Oli is at it again. Earlier this year, the prime minister had faced a setback when his attempts to enforce two ordinances, on provisions regarding new party registration, and on Constitutional Council, flopped. A sensible leader would have learnt a lesson. But Oli does not seem to be the one who takes lessons from his own experience. On Tuesday, he sent yet another ordinance on the Constitutional Council Act (Functions, Duties and Procedures) 2010 to the Office of the President, seeking amendments to at least two clauses that would allow the Council to convene a meeting if a majority of the existing members attend the meeting and make a decision on the basis of majority. And as expected, President Bidya Devi Bhandari spent no time in promulgating the ordinance.
Having used a sledgehammer to crack the intra-party tussle nut, Oli should have anticipated the opposition this decision would invite, and yet, he went ahead with his decision. But it did not take long either for him to seek a withdrawal of the ordinance after widespread opposition from within the party and beyond. It may look like the drama ended within 24 hours and everything is back to normal. Olis’ idiosyncratic political manoeuvres have, in fact, brought the country to the brink of a constitutional crisis.

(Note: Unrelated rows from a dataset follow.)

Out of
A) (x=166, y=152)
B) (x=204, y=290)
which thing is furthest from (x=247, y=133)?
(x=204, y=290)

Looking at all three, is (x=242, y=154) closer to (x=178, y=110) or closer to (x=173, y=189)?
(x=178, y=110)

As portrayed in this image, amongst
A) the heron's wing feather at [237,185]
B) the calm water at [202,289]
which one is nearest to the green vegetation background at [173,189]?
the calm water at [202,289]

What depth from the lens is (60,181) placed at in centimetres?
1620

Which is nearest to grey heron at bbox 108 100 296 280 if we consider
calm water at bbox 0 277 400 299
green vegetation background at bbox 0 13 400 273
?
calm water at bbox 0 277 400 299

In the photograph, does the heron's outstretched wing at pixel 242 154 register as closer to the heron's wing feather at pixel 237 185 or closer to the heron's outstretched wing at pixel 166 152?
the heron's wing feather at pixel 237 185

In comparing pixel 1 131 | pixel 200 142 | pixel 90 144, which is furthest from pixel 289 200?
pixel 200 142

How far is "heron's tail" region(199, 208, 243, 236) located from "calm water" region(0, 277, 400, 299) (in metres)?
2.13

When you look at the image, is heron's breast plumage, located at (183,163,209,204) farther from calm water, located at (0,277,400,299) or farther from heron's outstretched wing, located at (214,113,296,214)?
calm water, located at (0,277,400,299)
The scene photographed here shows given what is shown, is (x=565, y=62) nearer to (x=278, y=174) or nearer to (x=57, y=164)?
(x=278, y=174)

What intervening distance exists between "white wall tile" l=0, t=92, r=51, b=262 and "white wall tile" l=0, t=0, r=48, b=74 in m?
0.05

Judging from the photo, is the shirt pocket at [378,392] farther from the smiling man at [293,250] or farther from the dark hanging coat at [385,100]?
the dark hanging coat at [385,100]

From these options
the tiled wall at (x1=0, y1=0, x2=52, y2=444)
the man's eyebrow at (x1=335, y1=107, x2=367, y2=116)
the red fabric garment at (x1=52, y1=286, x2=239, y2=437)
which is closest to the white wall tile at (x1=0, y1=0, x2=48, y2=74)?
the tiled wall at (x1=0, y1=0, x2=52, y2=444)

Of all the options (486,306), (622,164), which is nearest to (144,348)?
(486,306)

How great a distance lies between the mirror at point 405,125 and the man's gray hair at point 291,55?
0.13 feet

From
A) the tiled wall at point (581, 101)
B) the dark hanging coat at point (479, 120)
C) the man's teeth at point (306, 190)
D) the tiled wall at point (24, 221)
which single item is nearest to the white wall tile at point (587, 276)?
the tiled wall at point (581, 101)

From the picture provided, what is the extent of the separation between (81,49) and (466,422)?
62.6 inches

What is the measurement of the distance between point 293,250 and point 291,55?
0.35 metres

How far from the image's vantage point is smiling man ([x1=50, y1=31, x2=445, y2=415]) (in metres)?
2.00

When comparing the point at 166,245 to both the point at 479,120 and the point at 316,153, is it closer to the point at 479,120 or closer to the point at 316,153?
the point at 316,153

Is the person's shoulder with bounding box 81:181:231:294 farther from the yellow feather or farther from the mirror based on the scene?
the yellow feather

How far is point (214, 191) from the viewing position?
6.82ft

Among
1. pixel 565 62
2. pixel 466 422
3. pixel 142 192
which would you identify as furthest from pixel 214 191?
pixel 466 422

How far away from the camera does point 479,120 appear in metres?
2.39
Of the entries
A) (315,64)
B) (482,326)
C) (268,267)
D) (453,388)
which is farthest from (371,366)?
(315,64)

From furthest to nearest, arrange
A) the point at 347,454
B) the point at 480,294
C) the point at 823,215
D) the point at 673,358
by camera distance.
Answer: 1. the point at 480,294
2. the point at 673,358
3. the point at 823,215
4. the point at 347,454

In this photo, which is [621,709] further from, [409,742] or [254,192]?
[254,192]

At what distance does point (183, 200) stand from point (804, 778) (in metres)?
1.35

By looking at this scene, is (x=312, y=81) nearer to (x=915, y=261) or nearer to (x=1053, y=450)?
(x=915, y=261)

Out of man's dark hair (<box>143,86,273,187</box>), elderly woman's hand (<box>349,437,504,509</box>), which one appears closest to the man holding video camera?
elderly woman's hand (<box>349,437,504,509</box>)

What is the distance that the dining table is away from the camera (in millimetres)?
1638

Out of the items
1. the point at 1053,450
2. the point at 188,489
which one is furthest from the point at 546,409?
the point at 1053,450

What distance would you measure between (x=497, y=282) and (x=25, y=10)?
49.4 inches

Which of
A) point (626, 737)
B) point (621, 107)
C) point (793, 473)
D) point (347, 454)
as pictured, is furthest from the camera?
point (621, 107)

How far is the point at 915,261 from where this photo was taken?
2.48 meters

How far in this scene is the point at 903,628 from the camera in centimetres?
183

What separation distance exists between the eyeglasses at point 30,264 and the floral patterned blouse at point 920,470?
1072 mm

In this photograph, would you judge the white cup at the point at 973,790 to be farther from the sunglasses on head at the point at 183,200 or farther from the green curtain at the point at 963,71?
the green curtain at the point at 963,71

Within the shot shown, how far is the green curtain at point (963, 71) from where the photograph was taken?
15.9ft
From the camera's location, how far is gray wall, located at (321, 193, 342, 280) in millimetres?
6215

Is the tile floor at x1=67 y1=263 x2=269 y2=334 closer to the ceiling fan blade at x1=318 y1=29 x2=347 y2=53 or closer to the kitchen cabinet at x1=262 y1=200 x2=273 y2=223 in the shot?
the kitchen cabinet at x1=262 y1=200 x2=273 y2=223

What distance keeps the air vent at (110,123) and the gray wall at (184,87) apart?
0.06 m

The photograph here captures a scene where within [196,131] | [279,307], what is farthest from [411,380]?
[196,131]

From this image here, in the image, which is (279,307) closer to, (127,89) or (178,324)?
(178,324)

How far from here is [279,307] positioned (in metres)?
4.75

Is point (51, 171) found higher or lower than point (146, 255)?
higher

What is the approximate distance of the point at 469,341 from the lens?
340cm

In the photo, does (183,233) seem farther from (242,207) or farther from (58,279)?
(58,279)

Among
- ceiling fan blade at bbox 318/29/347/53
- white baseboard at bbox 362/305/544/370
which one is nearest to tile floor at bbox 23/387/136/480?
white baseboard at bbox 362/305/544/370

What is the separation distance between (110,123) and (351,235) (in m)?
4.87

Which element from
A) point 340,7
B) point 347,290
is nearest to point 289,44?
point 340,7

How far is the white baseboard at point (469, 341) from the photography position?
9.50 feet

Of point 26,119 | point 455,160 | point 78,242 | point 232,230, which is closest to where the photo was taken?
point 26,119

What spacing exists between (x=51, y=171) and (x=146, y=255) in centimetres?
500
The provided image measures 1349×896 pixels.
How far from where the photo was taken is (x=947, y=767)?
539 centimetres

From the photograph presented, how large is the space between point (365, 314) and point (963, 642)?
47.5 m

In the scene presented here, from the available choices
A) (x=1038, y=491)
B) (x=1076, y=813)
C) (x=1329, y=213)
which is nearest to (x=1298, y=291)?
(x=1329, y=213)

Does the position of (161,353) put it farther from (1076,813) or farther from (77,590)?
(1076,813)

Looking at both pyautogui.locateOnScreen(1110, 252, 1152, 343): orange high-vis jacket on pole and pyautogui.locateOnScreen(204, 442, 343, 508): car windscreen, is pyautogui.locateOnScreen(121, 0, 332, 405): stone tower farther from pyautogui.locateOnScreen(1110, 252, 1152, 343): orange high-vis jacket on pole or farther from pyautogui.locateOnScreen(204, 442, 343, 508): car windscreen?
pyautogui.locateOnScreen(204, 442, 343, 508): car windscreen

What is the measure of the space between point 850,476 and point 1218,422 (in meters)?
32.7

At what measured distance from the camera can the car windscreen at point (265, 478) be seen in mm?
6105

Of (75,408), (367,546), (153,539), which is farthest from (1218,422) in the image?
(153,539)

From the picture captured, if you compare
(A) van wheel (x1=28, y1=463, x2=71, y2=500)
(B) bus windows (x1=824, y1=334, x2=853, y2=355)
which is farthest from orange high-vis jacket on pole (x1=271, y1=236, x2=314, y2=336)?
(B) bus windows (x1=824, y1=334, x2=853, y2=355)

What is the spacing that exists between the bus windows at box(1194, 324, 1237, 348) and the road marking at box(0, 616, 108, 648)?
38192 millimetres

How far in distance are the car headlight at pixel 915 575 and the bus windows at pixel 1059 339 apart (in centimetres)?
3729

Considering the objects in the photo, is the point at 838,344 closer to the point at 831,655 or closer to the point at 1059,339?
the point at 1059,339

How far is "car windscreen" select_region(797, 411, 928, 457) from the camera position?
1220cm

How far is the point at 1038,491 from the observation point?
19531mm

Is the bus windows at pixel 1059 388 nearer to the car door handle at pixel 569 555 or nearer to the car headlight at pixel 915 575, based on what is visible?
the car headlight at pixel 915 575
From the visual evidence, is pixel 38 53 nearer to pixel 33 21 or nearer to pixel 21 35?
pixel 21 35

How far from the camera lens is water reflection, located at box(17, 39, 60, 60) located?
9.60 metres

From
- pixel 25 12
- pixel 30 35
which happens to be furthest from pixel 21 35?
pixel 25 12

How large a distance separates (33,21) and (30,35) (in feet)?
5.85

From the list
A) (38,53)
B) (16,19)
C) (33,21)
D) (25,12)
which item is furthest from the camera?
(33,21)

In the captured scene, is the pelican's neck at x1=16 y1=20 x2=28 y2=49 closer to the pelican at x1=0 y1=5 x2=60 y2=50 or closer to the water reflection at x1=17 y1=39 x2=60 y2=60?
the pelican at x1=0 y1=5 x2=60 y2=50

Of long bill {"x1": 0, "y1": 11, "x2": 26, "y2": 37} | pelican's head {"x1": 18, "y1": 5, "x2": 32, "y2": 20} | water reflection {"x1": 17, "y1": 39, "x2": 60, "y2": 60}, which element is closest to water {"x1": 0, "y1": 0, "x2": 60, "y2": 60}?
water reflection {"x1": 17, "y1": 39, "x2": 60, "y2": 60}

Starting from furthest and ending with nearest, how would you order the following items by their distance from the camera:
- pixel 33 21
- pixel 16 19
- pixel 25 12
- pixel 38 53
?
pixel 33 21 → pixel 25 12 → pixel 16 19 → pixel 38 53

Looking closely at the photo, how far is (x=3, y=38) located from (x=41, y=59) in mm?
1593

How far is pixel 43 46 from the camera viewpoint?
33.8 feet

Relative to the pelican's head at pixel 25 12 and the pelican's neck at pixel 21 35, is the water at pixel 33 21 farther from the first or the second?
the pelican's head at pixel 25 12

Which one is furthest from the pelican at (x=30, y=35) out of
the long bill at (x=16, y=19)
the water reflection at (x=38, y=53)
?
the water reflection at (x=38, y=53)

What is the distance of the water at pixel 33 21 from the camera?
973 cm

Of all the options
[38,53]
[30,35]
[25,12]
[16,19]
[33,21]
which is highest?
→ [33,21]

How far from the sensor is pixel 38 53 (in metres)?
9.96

Not only has KP Oli failed to fulfil the duties of the highest executive office of the country, but he has also dragged the Office of the President to this intra-party rat race for political influence. The Office of the President was envisioned to be a non-partisan institution. Regrettably, that role has come under question as the President has been seen to micromanage the internal politics of the ruling Nepal Communist Party. Along with the President's office, the country itself has been held hostage for far too long. And this is not acceptable in a democratic polity.
The ongoing drama is not a question of what will happen to the ordinance now that Oli and Dahal have decided to request the President to withdraw it. The question is why Oli has been using one ordinance after another as the weapon against his opponents. This is a direct attack on the spirit of the constitution, and an insult to the historic mandate he and his party received to run the government for five years. To be fair to Oli, he has failed to receive full support from within his party as his rival camp is committed to undoing him at every step. But that is no excuse to drag the country to the brink of a constitutional crisis.
Provisions of checks and balances form a cardinal pillar of democracy, but Oli has repeatedly sought to disturb that balance. This will ultimately lead to democratic politics losing its legitimacy. True, Oli has been cornered in the party, but his tactics to remain in power by any means hurt the core democratic values. The prime minister has continually bullied his way through the constitutional process. Oli’s bullish behaviour has called into question his legitimacy to govern despite the huge electoral mandate he earned.